§ **Records for this exercise**:
───
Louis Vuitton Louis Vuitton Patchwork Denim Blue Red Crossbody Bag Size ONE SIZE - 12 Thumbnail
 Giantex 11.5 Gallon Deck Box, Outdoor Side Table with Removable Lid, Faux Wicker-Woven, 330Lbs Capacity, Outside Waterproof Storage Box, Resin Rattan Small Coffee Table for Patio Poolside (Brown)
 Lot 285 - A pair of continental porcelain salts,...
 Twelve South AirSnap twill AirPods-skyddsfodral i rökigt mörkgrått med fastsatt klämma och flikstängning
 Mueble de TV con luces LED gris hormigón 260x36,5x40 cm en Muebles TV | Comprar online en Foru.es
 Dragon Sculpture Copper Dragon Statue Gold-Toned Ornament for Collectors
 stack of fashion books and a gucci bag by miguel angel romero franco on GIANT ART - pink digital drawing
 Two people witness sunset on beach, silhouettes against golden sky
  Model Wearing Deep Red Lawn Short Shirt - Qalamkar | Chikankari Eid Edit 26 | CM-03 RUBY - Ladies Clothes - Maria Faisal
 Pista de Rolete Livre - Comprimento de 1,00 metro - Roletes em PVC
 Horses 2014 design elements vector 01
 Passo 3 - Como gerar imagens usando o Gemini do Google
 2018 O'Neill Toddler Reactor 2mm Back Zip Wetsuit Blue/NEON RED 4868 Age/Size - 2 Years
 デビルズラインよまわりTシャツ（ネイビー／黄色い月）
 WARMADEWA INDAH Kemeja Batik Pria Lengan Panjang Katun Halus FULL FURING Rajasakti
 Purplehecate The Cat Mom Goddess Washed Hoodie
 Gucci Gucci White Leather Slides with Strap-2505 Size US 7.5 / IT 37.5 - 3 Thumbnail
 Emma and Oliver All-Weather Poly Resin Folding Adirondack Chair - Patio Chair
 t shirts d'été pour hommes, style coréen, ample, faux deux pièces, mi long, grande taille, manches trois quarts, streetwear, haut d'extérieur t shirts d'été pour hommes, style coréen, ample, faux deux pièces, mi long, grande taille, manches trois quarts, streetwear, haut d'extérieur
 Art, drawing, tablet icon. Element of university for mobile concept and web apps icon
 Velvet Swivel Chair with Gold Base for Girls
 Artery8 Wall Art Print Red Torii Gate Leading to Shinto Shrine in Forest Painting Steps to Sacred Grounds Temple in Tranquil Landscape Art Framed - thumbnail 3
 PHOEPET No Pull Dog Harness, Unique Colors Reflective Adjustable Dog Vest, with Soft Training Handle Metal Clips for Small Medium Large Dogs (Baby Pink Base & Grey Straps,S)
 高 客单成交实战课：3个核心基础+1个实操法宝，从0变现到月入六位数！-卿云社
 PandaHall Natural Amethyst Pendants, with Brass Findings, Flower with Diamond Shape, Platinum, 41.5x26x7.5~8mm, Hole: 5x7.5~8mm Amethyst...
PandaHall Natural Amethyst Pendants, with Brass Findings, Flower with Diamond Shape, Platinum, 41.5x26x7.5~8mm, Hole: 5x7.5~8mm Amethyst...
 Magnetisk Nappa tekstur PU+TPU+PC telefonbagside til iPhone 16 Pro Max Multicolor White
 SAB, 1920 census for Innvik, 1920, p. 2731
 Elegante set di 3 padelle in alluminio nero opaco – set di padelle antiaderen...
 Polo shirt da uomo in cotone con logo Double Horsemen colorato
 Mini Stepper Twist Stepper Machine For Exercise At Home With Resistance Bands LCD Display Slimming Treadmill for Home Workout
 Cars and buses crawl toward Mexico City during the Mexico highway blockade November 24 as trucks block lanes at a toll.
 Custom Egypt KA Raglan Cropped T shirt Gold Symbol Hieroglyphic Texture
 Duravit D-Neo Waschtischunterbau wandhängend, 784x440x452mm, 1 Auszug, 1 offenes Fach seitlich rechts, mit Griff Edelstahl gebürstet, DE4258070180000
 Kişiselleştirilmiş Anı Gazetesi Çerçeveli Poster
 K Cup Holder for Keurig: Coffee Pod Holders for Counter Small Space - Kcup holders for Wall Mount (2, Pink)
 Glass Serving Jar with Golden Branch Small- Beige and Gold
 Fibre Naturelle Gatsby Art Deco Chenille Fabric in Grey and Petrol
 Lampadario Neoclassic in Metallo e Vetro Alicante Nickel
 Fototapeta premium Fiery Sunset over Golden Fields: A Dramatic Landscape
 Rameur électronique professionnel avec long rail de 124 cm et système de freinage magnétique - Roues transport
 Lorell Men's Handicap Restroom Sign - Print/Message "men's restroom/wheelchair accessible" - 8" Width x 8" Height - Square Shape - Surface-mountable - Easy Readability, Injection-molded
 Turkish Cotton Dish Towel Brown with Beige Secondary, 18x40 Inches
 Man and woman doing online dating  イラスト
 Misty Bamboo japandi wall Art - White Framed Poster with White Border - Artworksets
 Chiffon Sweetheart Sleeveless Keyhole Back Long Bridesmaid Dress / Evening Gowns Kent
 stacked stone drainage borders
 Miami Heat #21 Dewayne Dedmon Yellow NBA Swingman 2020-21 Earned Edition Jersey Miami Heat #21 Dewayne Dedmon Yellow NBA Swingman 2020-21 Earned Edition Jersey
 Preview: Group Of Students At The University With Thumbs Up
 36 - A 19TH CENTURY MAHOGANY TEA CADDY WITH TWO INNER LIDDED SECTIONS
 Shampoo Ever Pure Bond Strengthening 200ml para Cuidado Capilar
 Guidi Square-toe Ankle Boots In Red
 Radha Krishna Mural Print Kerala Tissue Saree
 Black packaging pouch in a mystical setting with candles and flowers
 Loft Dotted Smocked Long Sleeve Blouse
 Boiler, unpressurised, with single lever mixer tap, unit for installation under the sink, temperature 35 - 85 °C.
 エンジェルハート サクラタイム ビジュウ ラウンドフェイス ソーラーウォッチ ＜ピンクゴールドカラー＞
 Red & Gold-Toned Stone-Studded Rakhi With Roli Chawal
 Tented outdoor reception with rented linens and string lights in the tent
───
§ **Task to carry out**:
Only an exact copy of the lines from the beginning of the listing through the line with "Two people witness", both included, belongs in the answer.

§ **Task output**:
Louis Vuitton Louis Vuitton Patchwork Denim Blue Red Crossbody Bag Size ONE SIZE - 12 Thumbnail
 Giantex 11.5 Gallon Deck Box, Outdoor Side Table with Removable Lid, Faux Wicker-Woven, 330Lbs Capacity, Outside Waterproof Storage Box, Resin Rattan Small Coffee Table for Patio Poolside (Brown)
 Lot 285 - A pair of continental porcelain salts,...
 Twelve South AirSnap twill AirPods-skyddsfodral i rökigt mörkgrått med fastsatt klämma och flikstängning
 Mueble de TV con luces LED gris hormigón 260x36,5x40 cm en Muebles TV | Comprar online en Foru.es
 Dragon Sculpture Copper Dragon Statue Gold-Toned Ornament for Collectors
 stack of fashion books and a gucci bag by miguel angel romero franco on GIANT ART - pink digital drawing
 Two people witness sunset on beach, silhouettes against golden sky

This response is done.